■ **Extracted data**

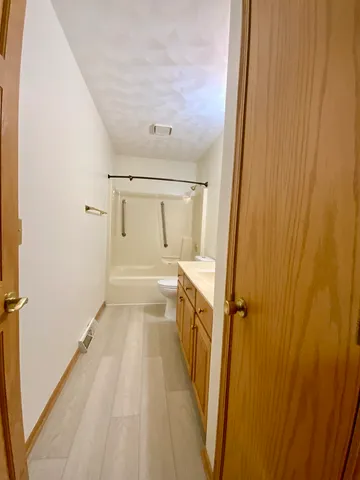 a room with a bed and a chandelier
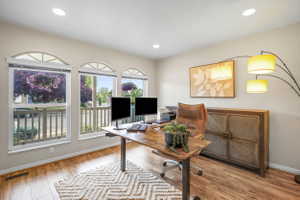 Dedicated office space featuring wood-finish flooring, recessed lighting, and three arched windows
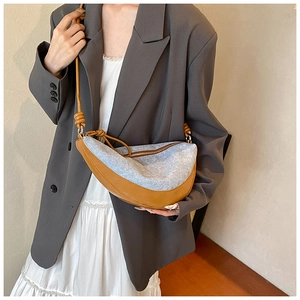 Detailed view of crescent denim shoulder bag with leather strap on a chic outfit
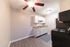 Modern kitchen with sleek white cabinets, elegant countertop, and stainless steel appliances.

---

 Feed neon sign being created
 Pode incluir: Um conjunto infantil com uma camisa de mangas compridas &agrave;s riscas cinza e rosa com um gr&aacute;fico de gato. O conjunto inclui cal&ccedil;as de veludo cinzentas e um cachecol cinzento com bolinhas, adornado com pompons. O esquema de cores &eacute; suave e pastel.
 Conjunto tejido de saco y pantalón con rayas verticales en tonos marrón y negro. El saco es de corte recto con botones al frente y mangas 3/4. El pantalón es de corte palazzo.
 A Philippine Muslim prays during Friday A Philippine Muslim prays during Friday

...

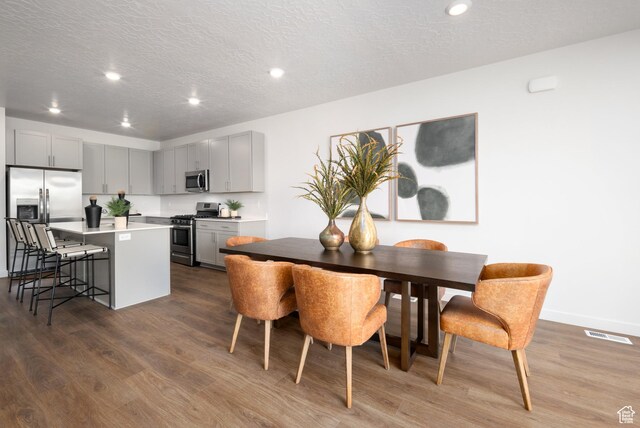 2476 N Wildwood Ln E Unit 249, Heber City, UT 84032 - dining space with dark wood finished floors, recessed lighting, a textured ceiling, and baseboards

■ **Your objective**
Look above for the line containing "a room with a bed and a chandelier", then write out every line from there down to the line containing "Modern kitchen with", that line included, with no pictures.

■ **Finished exercise**
 a room with a bed and a chandelier
 Dedicated office space featuring wood-finish flooring, recessed lighting, and three arched windows
 Detailed view of crescent denim shoulder bag with leather strap on a chic outfit
 Modern kitchen with sleek white cabinets, elegant countertop, and stainless steel appliances.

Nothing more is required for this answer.